LAWTON: The gospel also records a hymn of praise attributed to Mary called, in Latin, the Magnificat -- "My soul magnifies," or glorifies, "the Lord."
At this year's Christmas festival, the choir at the Presbyterian-affiliated Whitworth College in Spokane, Washington, performed a program of Mary-themed works, including a rendition of the Magnificat.
Prof. GAVENTA: The Magnificat really is an example of biblical prophecy. Mary takes on a very strong role there of declaring God's favor upon the poor and oppressed, and God's warning about the downfall of the mighty and the powerful and the wealthy. And we have not given due regard to Mary as the one who utters those words.
LAWTON: In the Nativity, George says, Mary plays a special role in the Incarnation, the Christian teaching that in Jesus, God took on human flesh.

Prof. GEORGE: It's a very humble, homely event -- a human event. But the angels are listening in, and the angels are singing and celebrating as well. So it brings together the heavenly and the earthly, the divine and the human, which is what the Incarnation is about: the Word became flesh.
LAWTON: Mary is also present at other key events in Jesus' life. At the wedding of Cana, when Jesus performs the first miracle the Gospels record, it is Mary who tells the workers to do whatever Jesus tells them. And at the Crucifixion, when others have fled, Mary is still at the foot of the cross.

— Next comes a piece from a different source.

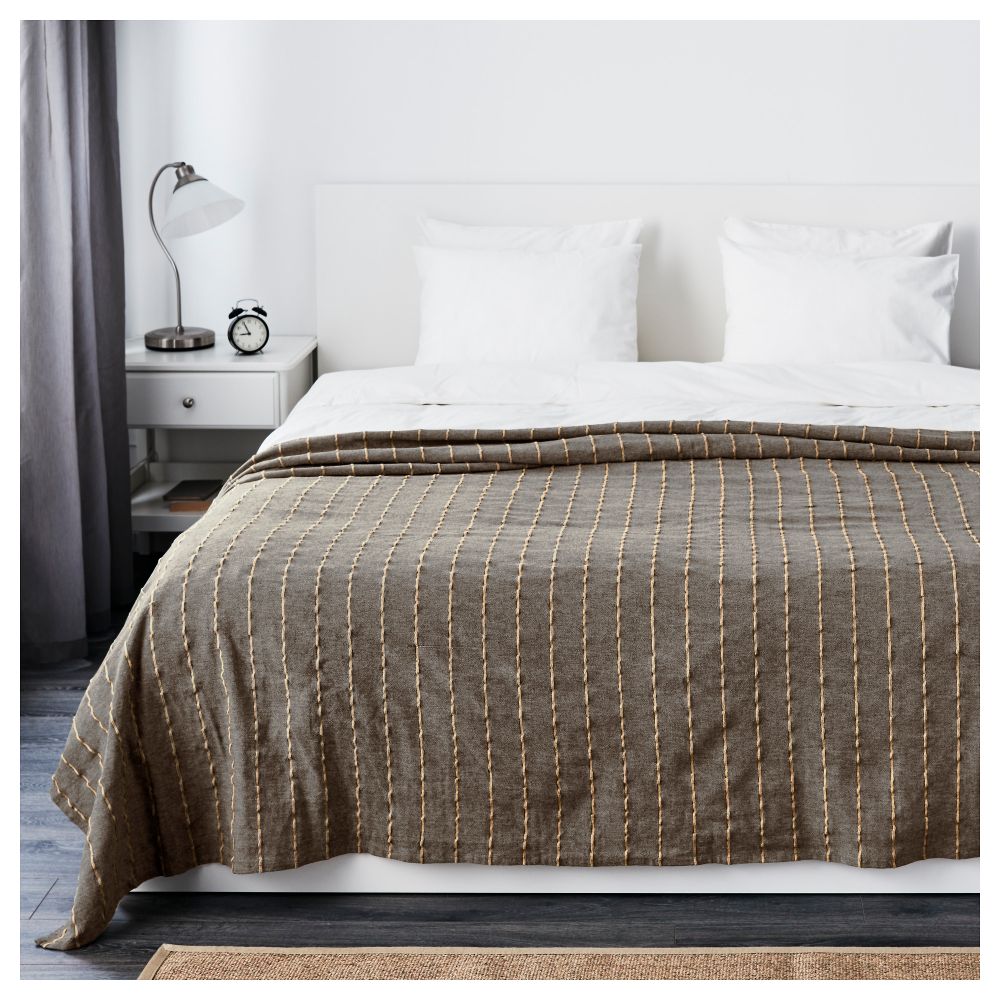 Покрывало ТАЛЛОРТ, черный/естественный (250x250 см) - фото 1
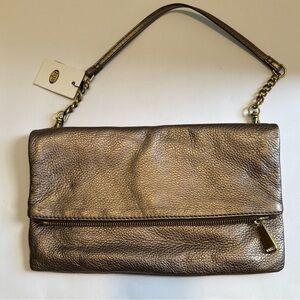 Fossil  Metallic Leather Clutch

Prof. GEORGE: Mary identified with the suffering Church, the persecuted Church, the harried Church. And I think that's a good way to think about Mary today in the devotion of the Church, as a symbol of one who is there with the disciples but always pointing to Christ, who is the focus of our life and of our hope.
LAWTON: Still, those calling for more attention to Mary stop well short of adopting some Catholic beliefs. For example, most Protestants would not pray to Mary or consider her an intermediary with God.
Prof. GEORGE: The question of Marian intercession is one that the Bible doesn't speak to, and we probably don't need to get into that, because we have direct access to God through Jesus Christ, without necessarily going through the Blessed Virgin Mary.
LAWTON: Protestants also reject the Catholic doctrine that Mary was born without original sin and that both her body and her soul were raised into heaven at the end of her life. Catholics call her the Queen of Heaven, but Protestants tend to emphasize a more human Mary.
SHANNON KUBIAK (Evangelical Youth Worker) (Speaking to Girls): Mary did not have all the answers, and she didn't pretend to have all the answers. She was not all-knowing. To me, Mary's imperfections are a reminder that you do not have to be perfect to come to God. You do not even have to be perfect to be used by God for great things.
LAWTON: Shannon Kubiak is an evangelical youth worker in California. She has a new book coming out this spring titled GOD CALLED A GIRL. She encourages teenage girls to identify with Mary as a spiritual role model.
Ms. KUBIAK: So many of us girls think, you know, "I'm no one." And that's the type of life Mary lived. She was a nobody from the middle of nowhere. And that's what I felt like in my own life, and it's what countless teenage girls across the nation feel like, and God chose to use her for the most incredible task of a lifetime.
LAWTON: Protestants may not consider Mary an object of devotion herself but, George says, they must not be afraid to esteem her for her full worth.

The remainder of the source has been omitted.